AIM OF THE TASK :: All lines from the one holding "亚欧大陆桥连接欧亚两洲的桥梁" through the last line of the entries below must be transcribed exactly, and no others. Pictures do not go in.

SOURCE MATERIAL ::
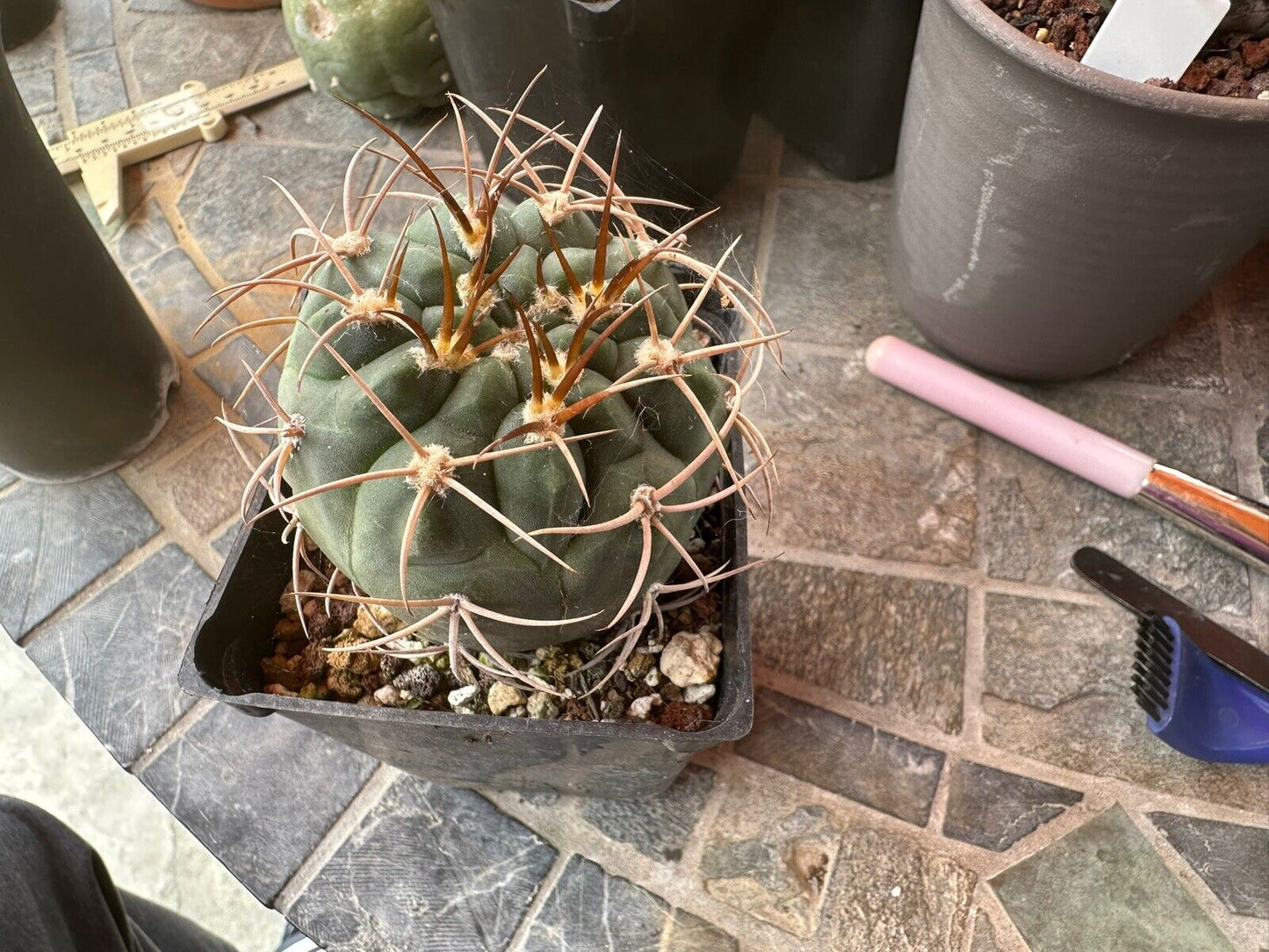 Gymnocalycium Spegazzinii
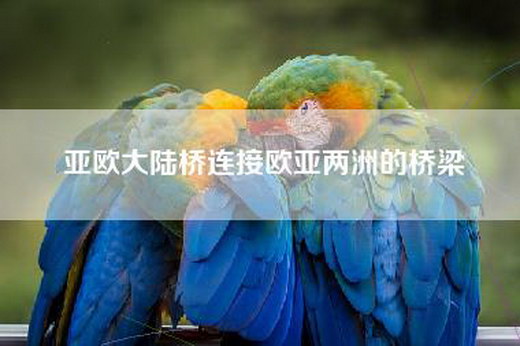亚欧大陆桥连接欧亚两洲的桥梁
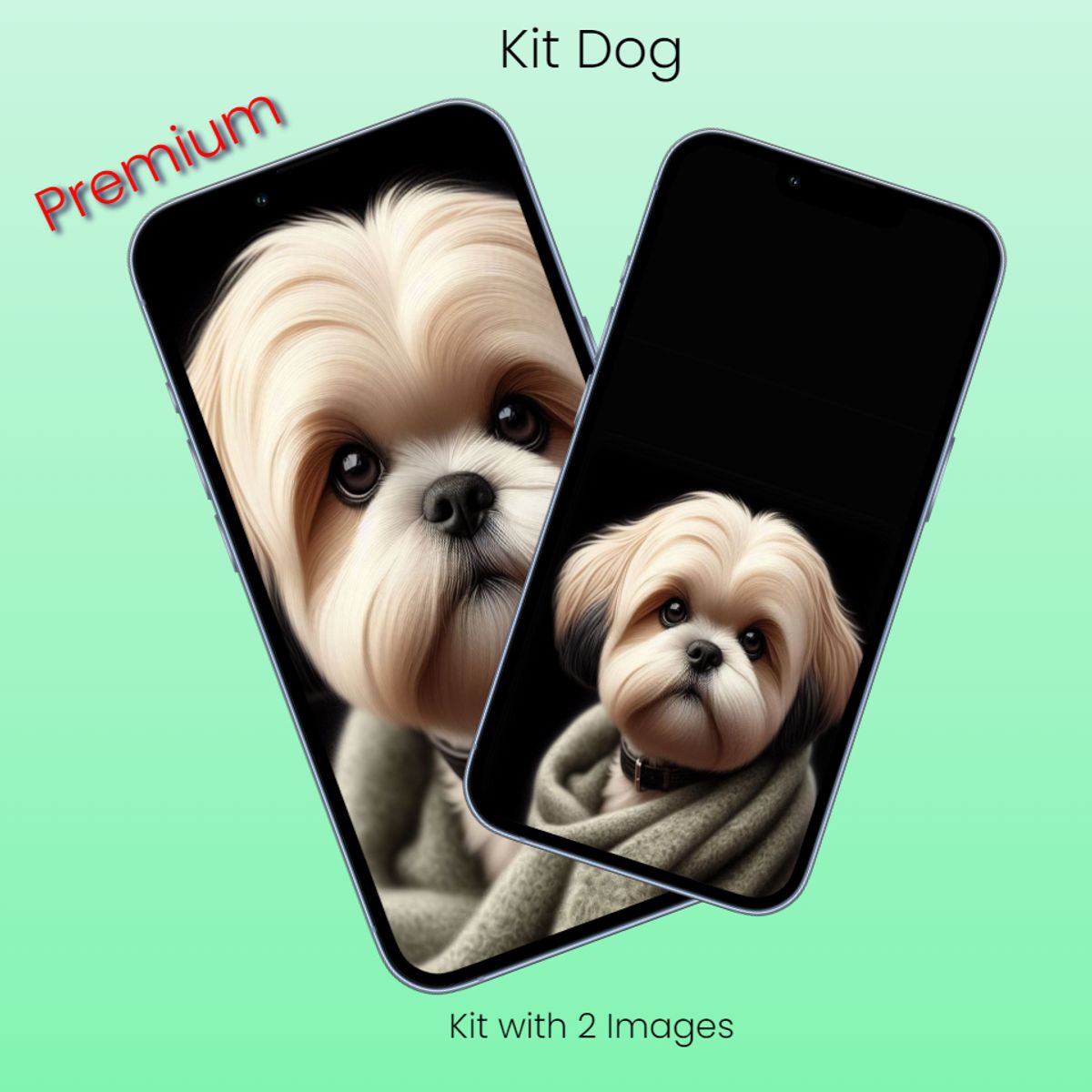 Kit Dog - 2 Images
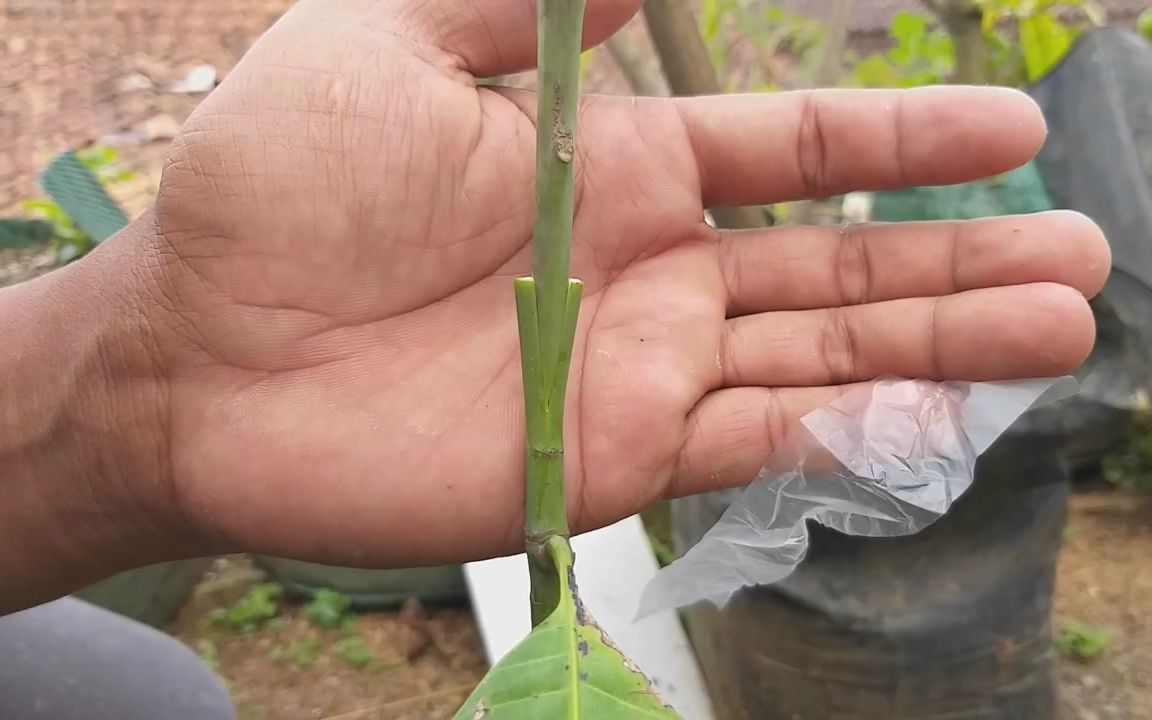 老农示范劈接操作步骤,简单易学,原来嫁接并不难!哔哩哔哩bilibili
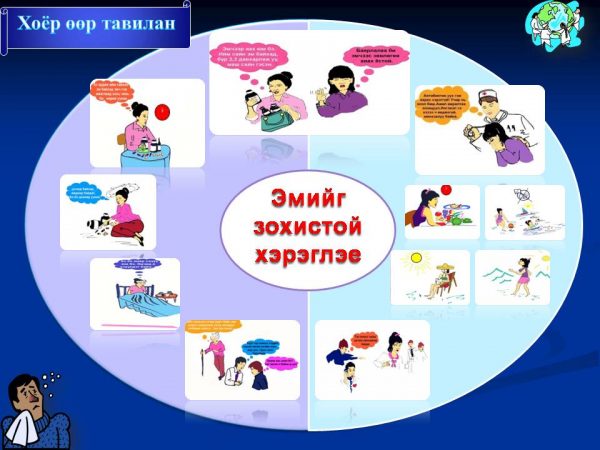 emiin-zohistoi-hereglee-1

RESULT FOR THIS EXERCISE ::
亚欧大陆桥连接欧亚两洲的桥梁
 Kit Dog - 2 Images
 老农示范劈接操作步骤,简单易学,原来嫁接并不难!哔哩哔哩bilibili
 emiin-zohistoi-hereglee-1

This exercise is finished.